IN THE SUPREME COURT OF FIJI
Appellate Jurisdiction


Civil Appeal. No. 18 of 1983


Between:


THE COMMISSIONER OF INLAND REVENUE
Appellant


and


MORRIS HEDSTROM LIMITED
Respondent


Messrs M.J. Scott & S.M. Shah for the Appellant
Mr. F.S. Lateef for the Respondent


JUDGMENT

In December 1963 the respondent purchased the land on C.T. 7489 from the Colonial Sugar Refining Company Limited. Subsequently the number of the Certificate of Title was changed to 11364. On the land comprised in the Certificate of Title was a substantial dwelling house used as a residence by the respondent's manager.

In 1980 the respondent decided to subdivide the land into 4 separate plots.
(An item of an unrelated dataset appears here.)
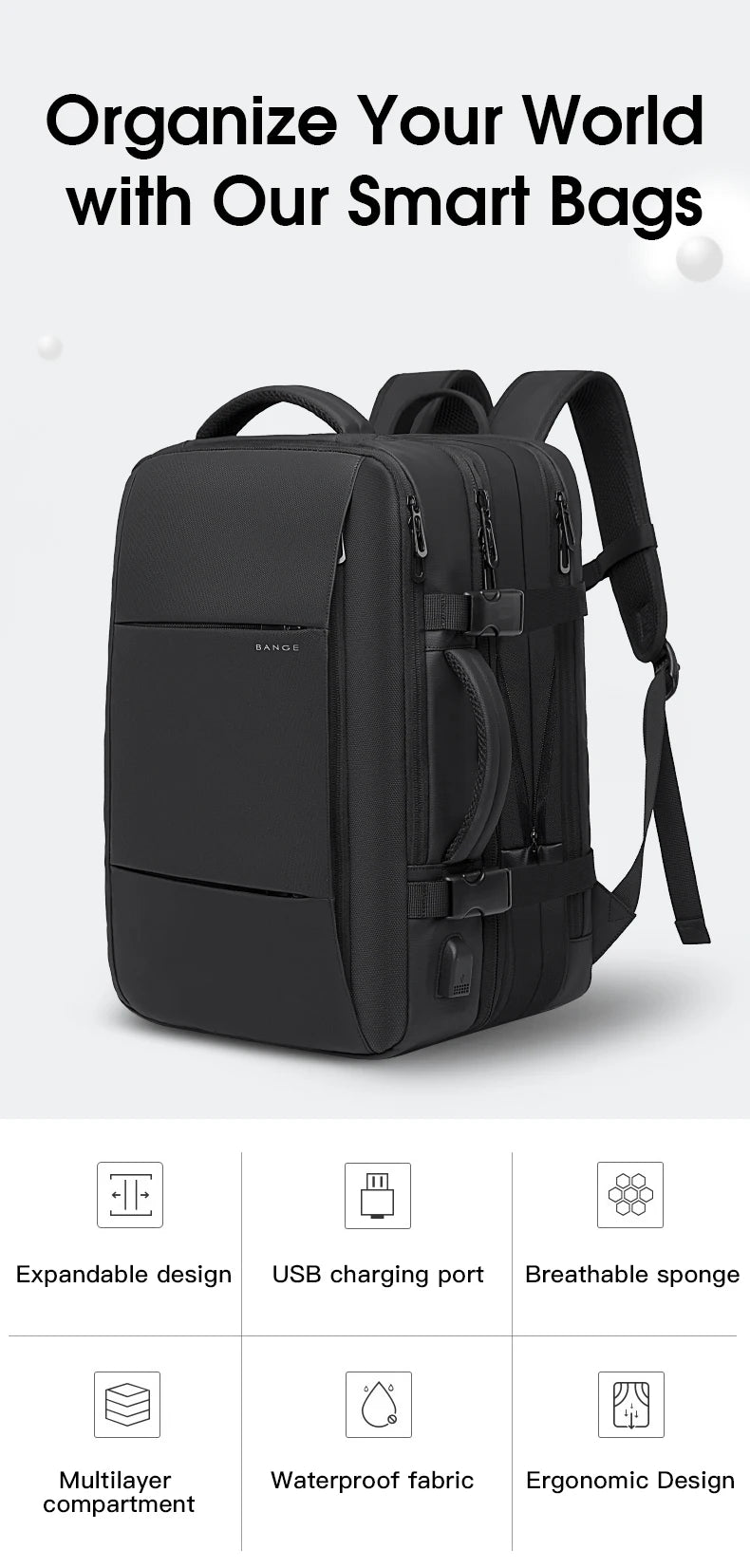 Bange Storm 1908 Anti-Theft Polyester Backpack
The plots were laid out, the land cleared of trees and shrubs and a reinforced concrete road 120 metres in length constructed from the existing road frontage to give access to the new plots, numbered 1, 2 and 3. The remaining plot number 4 comprised the land on which the manager's house was situated.

Plots 1, 2 and 3 were levelled and a retaining wall constructed on the curve of plot 4 to prevent erosion. Drains were dug on the eastern boundary of lots 1, 2 and 3 and a lamp post was re-located. The total cost of the subdivision and its attendant works was $11,756.60.

The respondent retained plot 4 and sold the remaining plots for $15,000 each. The appellant applied section 3 of the Land Sales Act, Cap. 137 and charged it against the respondent's profit on the sale of the 3 plots, having first allowed $3,075.10 as a deduction in respect of the developments carried out on each plot.

This information has been derived from the agreed facts submitted to the Court a quo.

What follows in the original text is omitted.